Advent is the antithesis of Black Friday.
Black Friday is all about scarcity, limited opportunities, and fear of missing out. It is about chaos and frenzy. Everything about Black Friday screams “ME!!!”
Advent, on the other hand, offers the promise of abundance and hope. It is about calm and peace. It is about recognizing that it is, in fact, not about me. Advent celebrates the dawn of an era—the coming of Jesus—marked by uninhibited selflessness: a new kind of love found in Jesus Christ.
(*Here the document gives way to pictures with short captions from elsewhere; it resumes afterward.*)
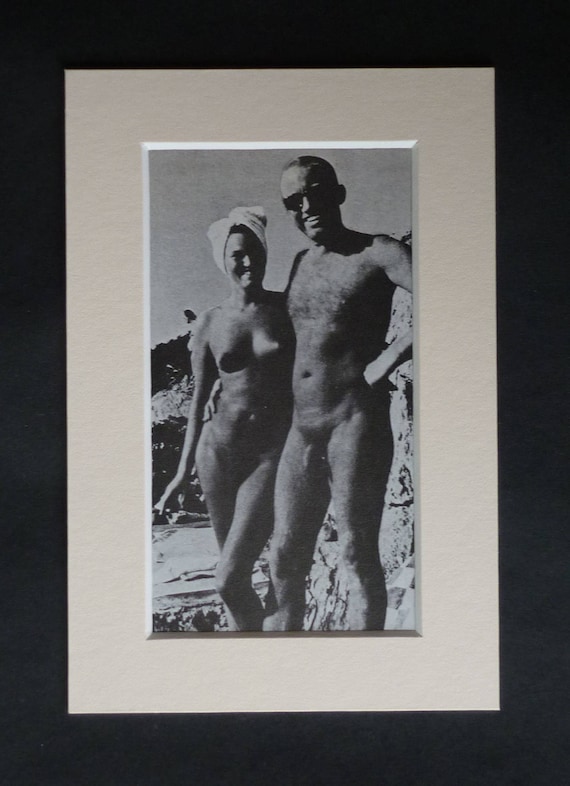 dan wasick recommends Mature Nudist Couples Pics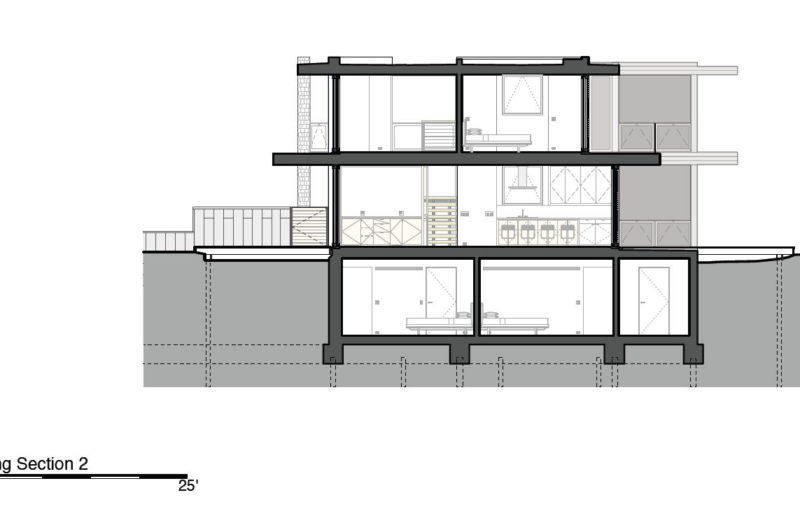 The Dune House Project by Stelle Architects the dune house project by stelle architects 86a73fb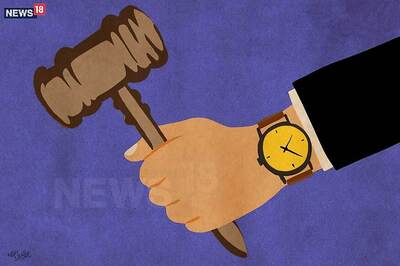 Union Cabinet to Soon Take Call on Reconstituting Law Commission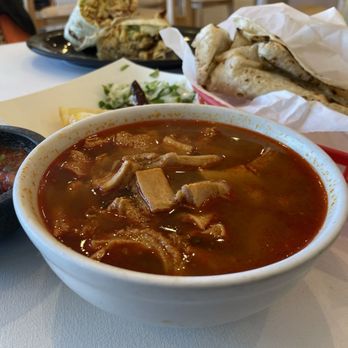 Lito's Take  Out - Mexican Near Me - Santa Barbara, California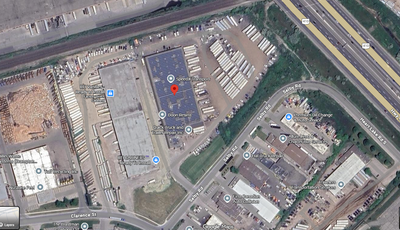 For truck drivers seeking a secure location to park, our yard provides 10 designated parking spots,...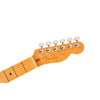 Đàn Guitar Điện Fender American Ultra II Telecaster, Sinister Red, #0119172799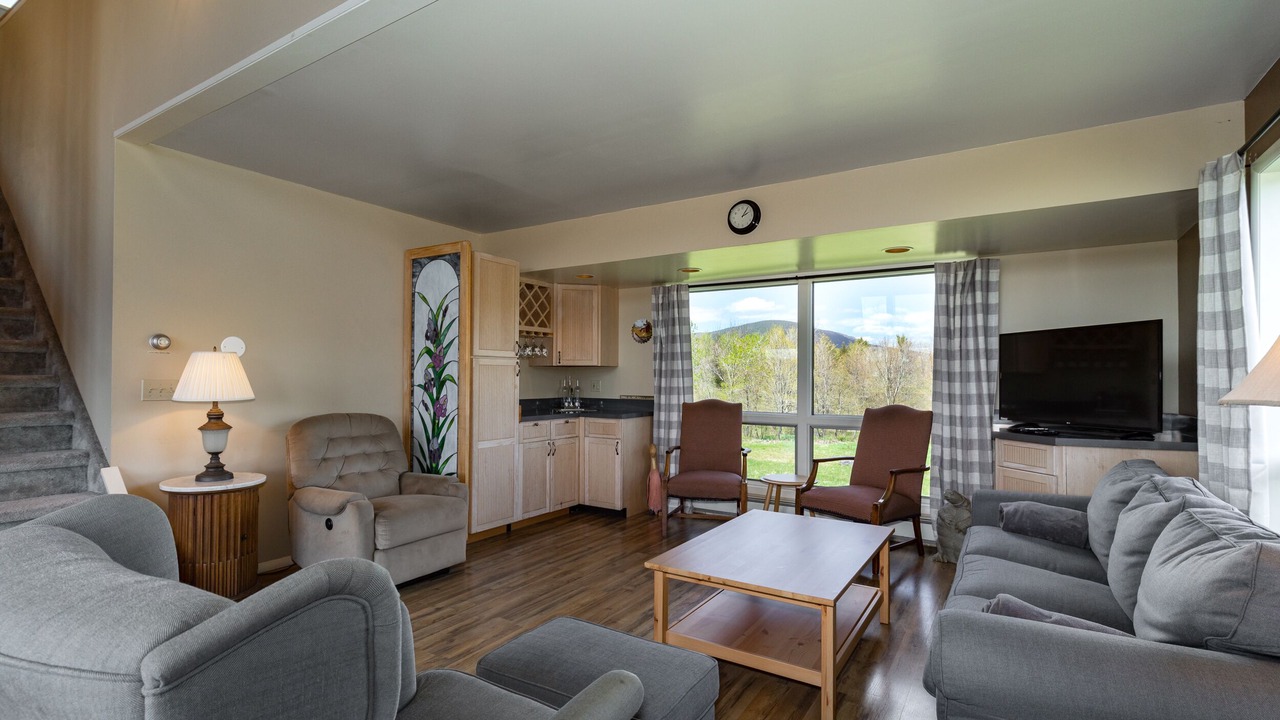 Photo of Livingroom in Windham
The uninhibited love that flows in the Kingdom of God as a result of the coming of Christ is not just a fleeting warm fuzzy feeling. It is an ongoing unselfish concern for the good of others. In fact, the better word here is charity, which is the kind of love that God shows—a totally selfless love. This kind of love involves sacrifice because it means putting our own needs on the back burner. The saints are legendary for their heroic acts of sacrifice, many of them quite dramatic. In less dramatic but no less heroic ways, ordinary people practice this kind of love day in and day out—parents setting aside their own needs to care for the needs of their children, spouses setting aside their own needs to care for one another, older siblings setting
aside their own needs to tend to the needs of younger siblings, workers setting aside their own needs to tend to the needs of a customer or co-worker, and so on.
Above all things, this attitude of selflessness is the most noticeable attitude of Kingdom-dwellers who are basking in the glow of the ultimate act of selflessness—God giving us his own Son, Emmanuel—God-with-us. So much so that Tertullian, a second-century Church father, reported that the Romans often commented when observing Christians, “See how they love one another.” This doesn’t mean that the early Christians “love-bombed” one another with hugs and expressions of affection (although such displays did occur), but rather were known to consistently and without inhibition act, not in their own interests, but in the interests of others.
The only thing that Black Friday and Advent have in common is that they both emphasize saving—the former is about saving money, while the latter is about Jesus saving us! It is the presence of Emmanuel—God-with-us—and the overflowing abundant grace that have busted down the door of sin that have ushered in an era of unbridled selflessness to effectively save us from ourselves.